Bandsaws are much less dangerous than table saws because the blade passes continuously from the top of the wood through to the bottom. It's not like a table saw where the rear of the blade can catch wood as it passes through, lifting it off the table.

If you decide to acquire a bandsaw it is also a good idea to acquire a thicknesser. Resawing will leave the surface of the wood rough and a thicknesser will tidy it up without all the effort of sanding or hand planing.
 
Full agreement with all that's been said so far.
What are you using, ie make and size, and have you had many scarey experiences ! What wood sizes do you generally start with and what do you generally end up with after resawing ! The only non plywoods I use on my scrollsaw which are easily obtained, is Pine, in thickness from 10mm upwards.

I use an Axminster 350n which cuts up to 200mm. I resaw all sizes that the saw will take to various thicknesses as required including veneers. I guess you're mainly interested in stuff suitable for your scroll saw so if you can get a thicknesser as well (as mentioned in a previous post) you'll be able to go down to about 5mm planed both sides.
 
When I started scroll sawing i never realised how much money i would end up spending. I have a Jet 14Q bandsaw that will saw up to 10 inches. I never go that high though, the thickest timber I put through it is lengths of 6inch square ash, oak, beech etc to get the thickness I require for my scroll saw projects. On top of that i have a dust extractor, an air filter, a belt/disc sander, a dremel with various attachments. a large pillar drill, a router, cordless drills, 2 sanders, 2 scroll saws, lots and lots of clamps and a full range of hand tools and now I am saving up for a thicknesser and when I have got that there will probably be something else I will need.
 
The one and only problem with resawing on my Schappech bandsaw, cuts up to 160mm. that I stupidly had ( completely my fault ) I wasn't holding the wood much at all, it dug into the bed, well the plastic centre part, and broke the plastic centre. I now have to make a new piece to fit it, or it digs in, due to lack of support at the front of the wood. I now realize how important that little piece of plastic is.

My point is, in a very round about way, is that I had a very bad crash on my bandsaw, but my hands were so far away from the blade that it was still safe.
 
I have an Inca which I use for resawing I have friends with the Kity also good for up to 6 inches. However any of the better makes with a decent blade will do what you want. I too am not a great fan of the table saw but the bandsaw is a joy to use. You still need push sticks! The best way to avoid accidents is to only use it when you are fresh (not tired), never use it when you are in a rush and rehearse your cut with the machine switched off. Then you will know where the weight of the plank shifts. Oh yes and get a dust extractor.
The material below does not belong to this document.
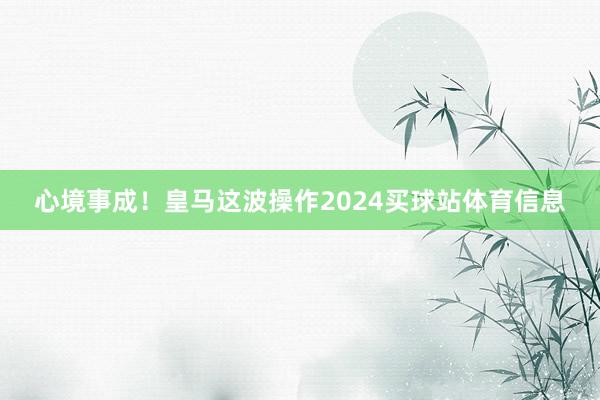 心境事成！皇马这波操作2024买球站体育信息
You could build a drum sander instead of a jointer :D . But a hand plane works well too.
 
I use a Record BS350S and a record P/T 260. I deep cut what ever I can get under the top guide which is about 10" with a 3 tooth blade. This leaves a rough surface for the planer. When you deep saw timber about 8-9 mm thick you are releasing stresses in the timber and it will move usually in a cup shape. Beech and ash are by far the worse culprits. The procedure that I use is to plane face and edge of the baulk then if I want a finish size of 6.5 mm is to set the band saw to cut at 9 mm. I will the cut one board on the band saw then surface plane the baulk again and the cut on the band saw. When I have cut about half the baulk, I then thickness what I have already cut before it starts to move.
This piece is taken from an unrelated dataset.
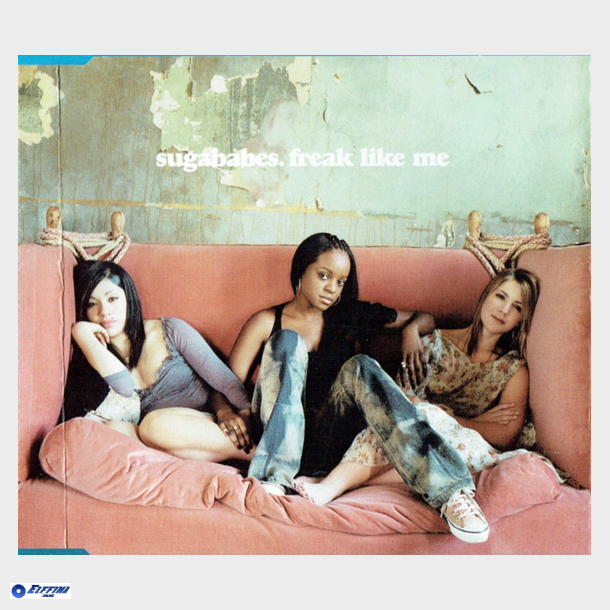 Sugababes - Freak Like Me (2002)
The p/t will only go down to about 10 mm, so I use a sub-table (photos below). I can thickness down to about 2 mm with clean, clear and straight grained timber (photos below).
Remember that the amount of waste generated due to sawing and planing is disproportionately large compared to standard timber and that the timber will be unstable subject to the whims of the weather etc. I use the lawn quite a bit to straighten timber.
Most timber mills will not do timber this size because to the amount of work, waste and timber stability.
I hope this helps and I do not give a recommendation to the above equipment.